„Genie ist 99 Prozent Transpiration und ein Prozent Inspiration“
Dieses Thomas Alva Edison zugeschriebene Zitat stammt aus einer Zeit lange bevor an künstliche Intelligenz überhaupt nur zu denken war.
Vermutlich können wir uns relativ schnell darauf einigen, dass das eine Prozent Genius nur schwer zu substituieren ist. Ich unterstelle, dass von den verbleibenden 99% ein großer Teil problemlos durch KI zu ersetzen ist, aber nicht alles.
Neben dem 1% künstlerischem Schöpfungsakt ist nicht nur die Fleißarbeit, das Ausarbeiten, Notieren, Produzieren entscheidend dafür, ob am Ende ein eigenständiges Kunstwerk steht oder nette Dekoration, sondern auch das Probieren, das Scheitern, die Sackgassen und die individuellen Strategien des Kunstschaffenden, da wieder herauszufinden, egal ob in der bildenden oder darstellenden Kunst oder in der Musik.
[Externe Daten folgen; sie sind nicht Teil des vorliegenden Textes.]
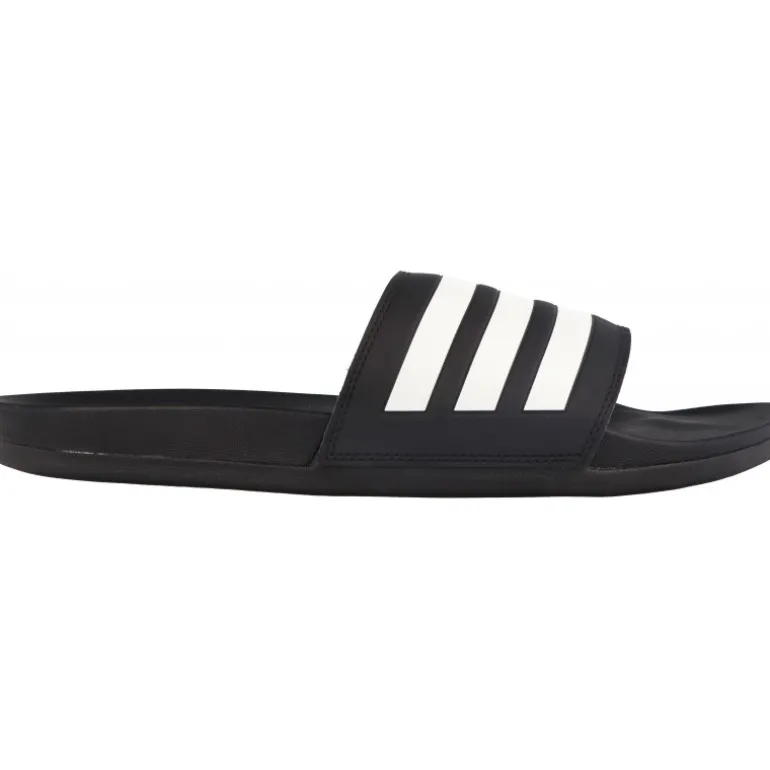 Tongs*Adidas Adilette Comfort Negbas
Natürlich kann auch ein künstliches System so etwas ähnliches darstellen, kann den Zufall spielen lassen und dann sortieren, eine Art musikalische Mutationszüchtung durchführen. Eins ist das Ergebnis jedoch nicht: Auratisch.
Und etwas anderes stimmt mich skeptisch: Hat man viel mit Künstlern zu tun, stellt man gewisse Häufungen fest an Verhalten, das man eigentlich nicht gerne hinnimmt von seinem Gegenüber. Unter denen, die große Kunst machen, haben überdurchschnittlich viele auch einen großen Knall. Ja, es gibt auch die sozialkompetenten, umgänglichen großen Künstler. Die Regel ist das aber nicht. Der Star des Abends schaut jedem Rock hinterher? Geschenkt. Der Künstler behandelt seine Entourage und alle anderen herablassend? Das kann er sich leisten. Der große Meister rastet je nach Tagesform krass aus, feuert Mitarbeiter im Minutentakt und schreit herum? Das gehört halt dazu.
Müsste man der KI also erst einmal angewöhnen, ein Arschloch zu sein? Oder sollten wir genau das sein lassen?
Möglicherweise gibt es auch ein ganz grundsätzliches Problem: KI - Modelle funktionieren, weil sie das Wahrscheinliche, das Erwartbare, das Sinnvolle tun. Künstler funktionieren, weil sie das Unwahrscheinliche, das Unerwartete, das Sinnlose tun.